═════ Provided material ═════

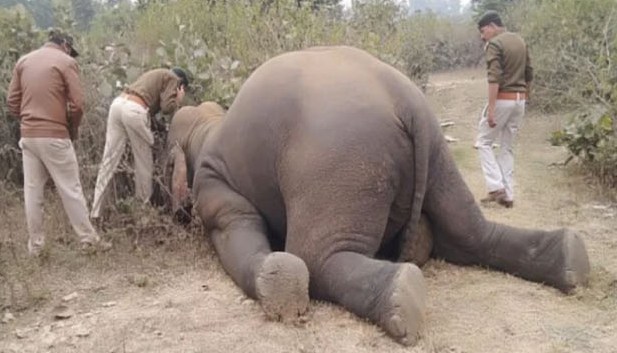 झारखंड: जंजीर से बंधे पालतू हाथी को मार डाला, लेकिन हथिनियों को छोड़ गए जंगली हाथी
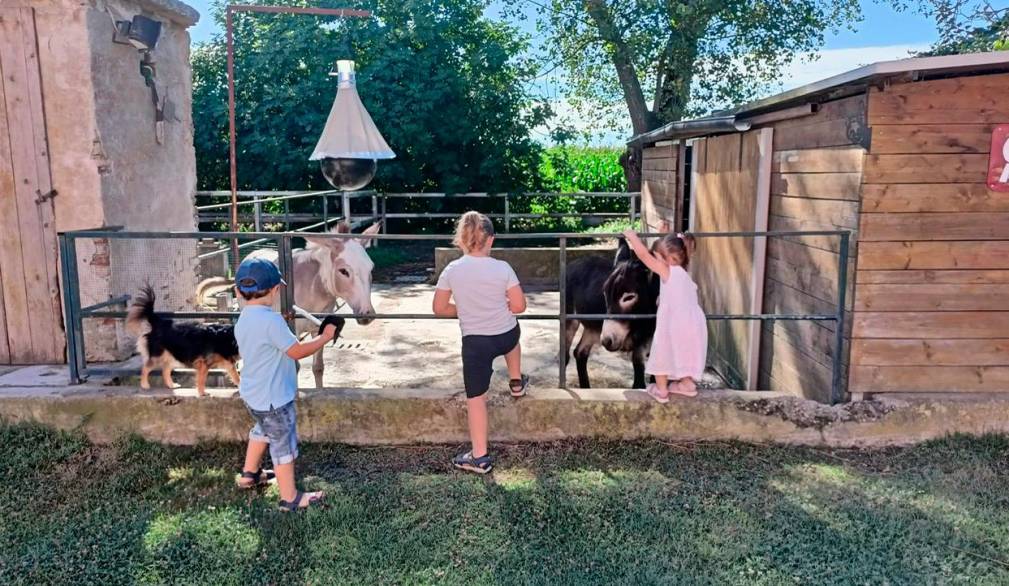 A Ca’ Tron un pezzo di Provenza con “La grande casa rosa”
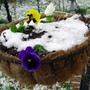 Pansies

═════

Task requirements: Each line from the one that holds "A Ca’ Tron un" through the end of the material should be repeated exactly, and nothing more. Leave out any picture.

Response area:
 A Ca’ Tron un pezzo di Provenza con “La grande casa rosa”
 Pansies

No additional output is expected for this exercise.